The plan for London's first garden cemetery was initiated by the barrister George Frederick Carden, who was inspired by a visit to Père-Lachaise Cemetery in Paris in 1821. Alert both to the need for new burial grounds, and the commercial potential of the venture, Carden founded the General Cemetery Company in 1830, with influential supporters including Andrew Spottiswoode MP and the banker John Dean Paul of Rodburgh, Bart.
The cemetery was established by Act of Parliament which had its final reading in July 1832, during a cholera epidemic -- a coincidence that implicitly made the case for reform.
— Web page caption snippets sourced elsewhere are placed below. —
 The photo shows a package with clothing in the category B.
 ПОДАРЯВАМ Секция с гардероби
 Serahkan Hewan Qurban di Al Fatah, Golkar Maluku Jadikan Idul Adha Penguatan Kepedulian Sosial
The Bishop of London consecrated the first 48 acres in January 1833, and the first funeral was conducted a week later. Boardroom dramas saw Carden excluded from the company he founded, but Kensal Green went on to weather financial crises, changing fashions, even wartime bombing, to become a national necropolis of the great and the good, a valued local institution, and a heritage site of international importance.
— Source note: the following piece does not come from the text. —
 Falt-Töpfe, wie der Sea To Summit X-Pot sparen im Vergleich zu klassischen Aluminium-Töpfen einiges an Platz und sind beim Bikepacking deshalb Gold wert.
Kensal Green boasts over 150 Grade I, II* and II buildings and monuments on the National Heritage List for England. The magnificent Anglican Chapel is listed at Grade I and the Dissenters' Chapel at II*.
Despite an architectural competition won by the Gothic designs of Henry Edward Kendall, the Company eventually awarded the contract to the Neo-Classical designs of John Griffith of Finsbury, an active member of the Company who eventually became its Director.
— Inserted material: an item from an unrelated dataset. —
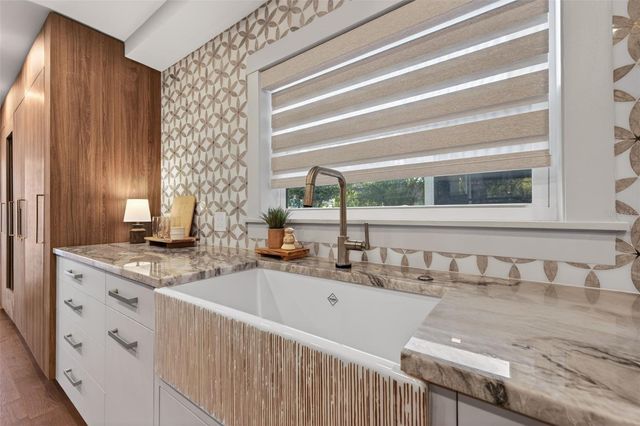 124 19TH AVENUE N, St Petersburg, FL 33704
Kensal Green's funerary monuments represent every shade of taste, fashion and materials from the solid classicism of the Birkbeck and Paul family mausolea to the Gothic extravagance of Capt. Charles Spencer Ricketts and the 7th Viscount Strangford, by way of the Mughal tradition of Daboda Dewajee, the miniature art gallery of William Mulready RA, the 'Old Armchair' of composer Henry Russell, the broken-down circus horse of equestrian Alfred Cooke, and the utter originality of the Ducrow, Casement and Molyneux family monuments, as well as several handsome modern memorials by various artists.
From the funeral of HRH The Duke of Sussex in 1843 to that of his nephew HRH The Duke of Cambridge in 1904, Kensal Green was the most fashionable cemetery in England. Its notable personalities include some 650 titled individuals titled nobility and over 550 people who figure in the Dictionary of National Biography.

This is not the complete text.